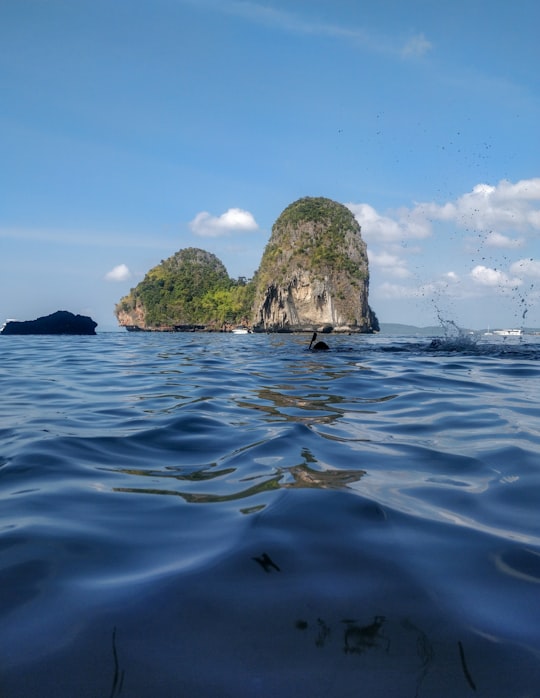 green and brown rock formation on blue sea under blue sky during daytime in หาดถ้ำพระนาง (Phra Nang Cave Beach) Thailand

==

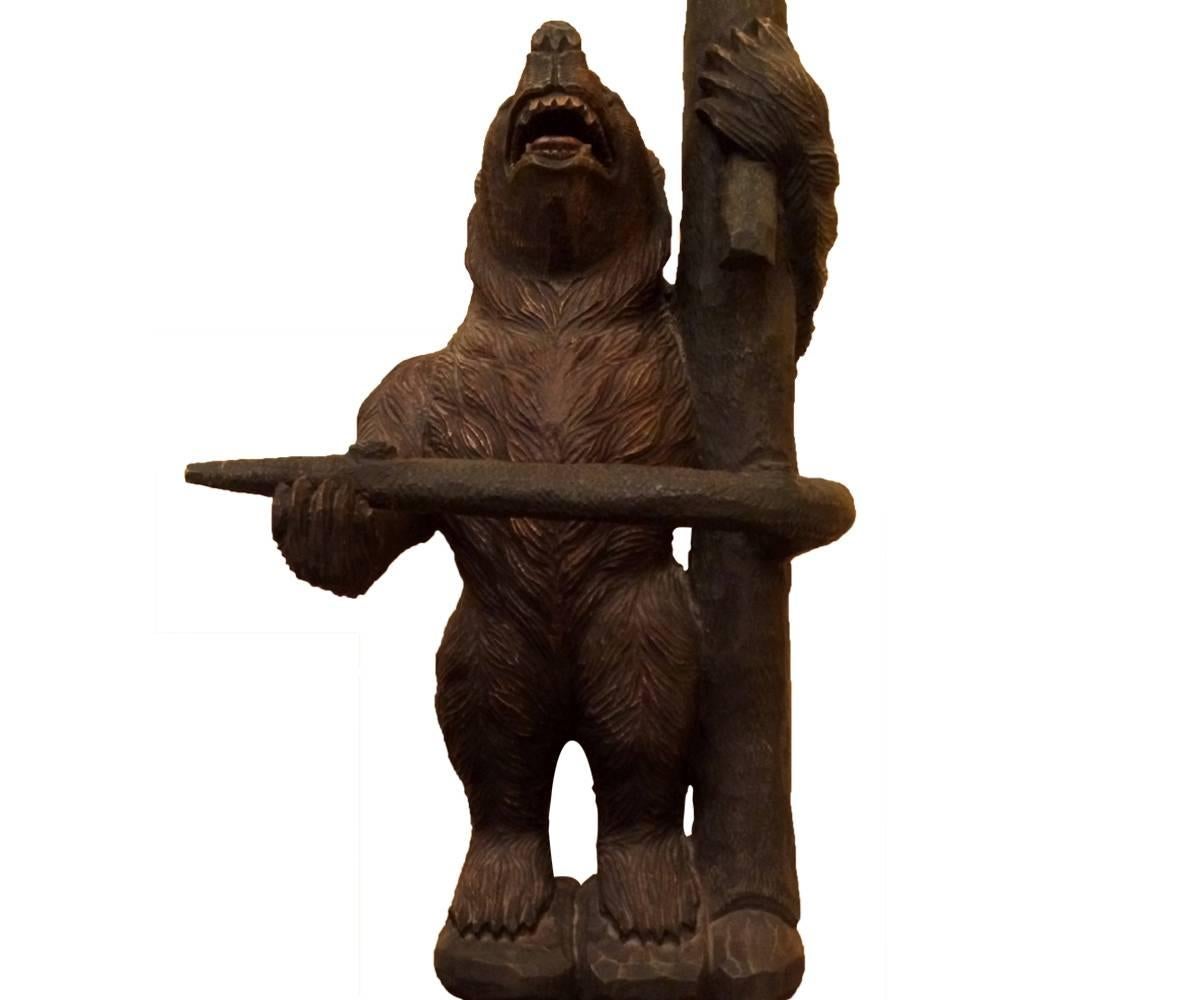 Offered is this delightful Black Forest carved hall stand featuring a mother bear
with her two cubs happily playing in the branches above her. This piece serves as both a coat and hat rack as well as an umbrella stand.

--

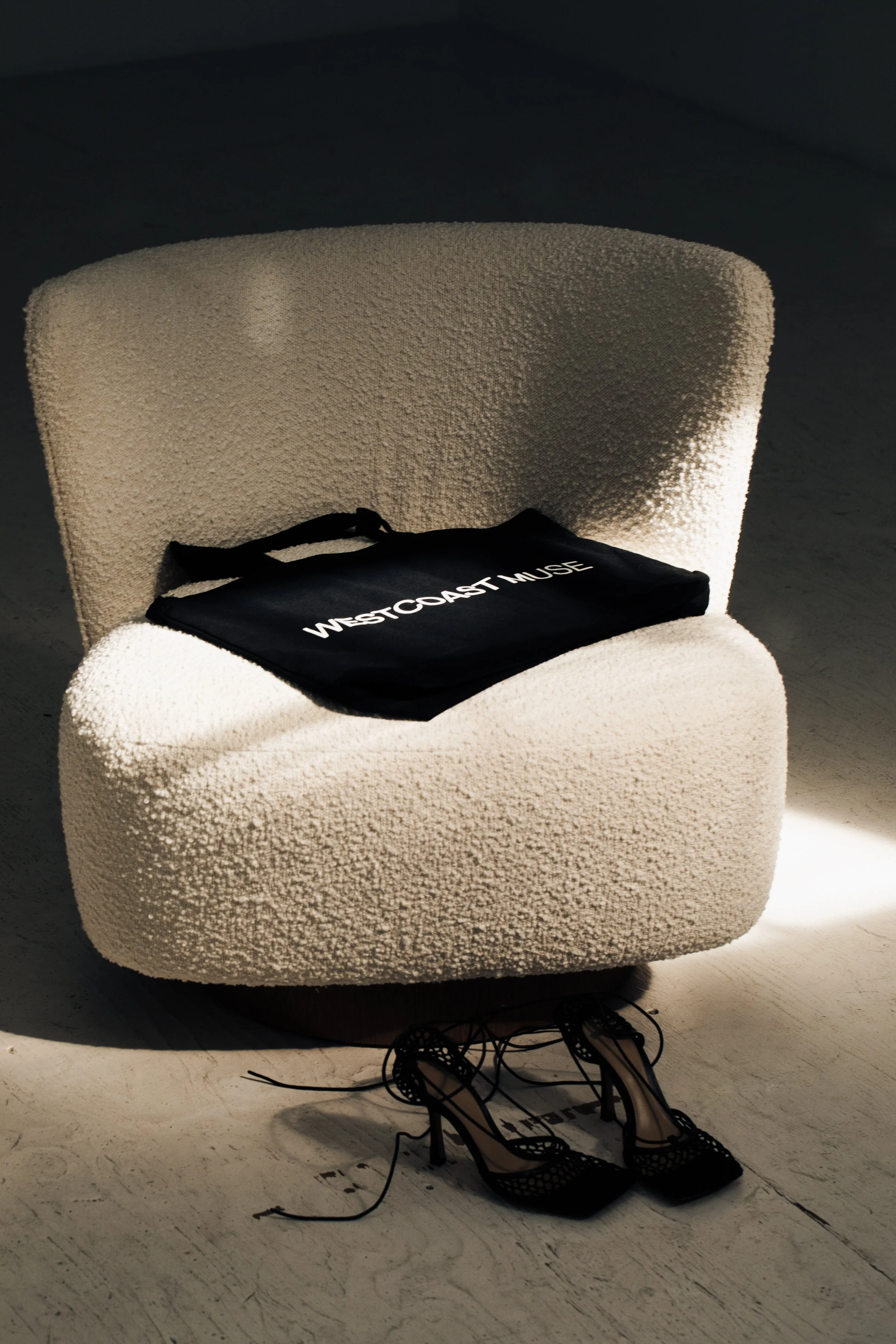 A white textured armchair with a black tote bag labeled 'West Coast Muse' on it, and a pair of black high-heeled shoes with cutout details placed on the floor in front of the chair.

--- GOAL OF THE EXERCISE ---
Within the data above, repeat exactly the lines from the one bearing "Offered is this" through the one bearing "with her two". Include no pictures and nothing else.

--- RESULT OF THIS EXERCISE ---
 Offered is this delightful Black Forest carved hall stand featuring a mother bear
with her two cubs happily playing in the branches above her. This piece serves as both a coat and hat rack as well as an umbrella stand.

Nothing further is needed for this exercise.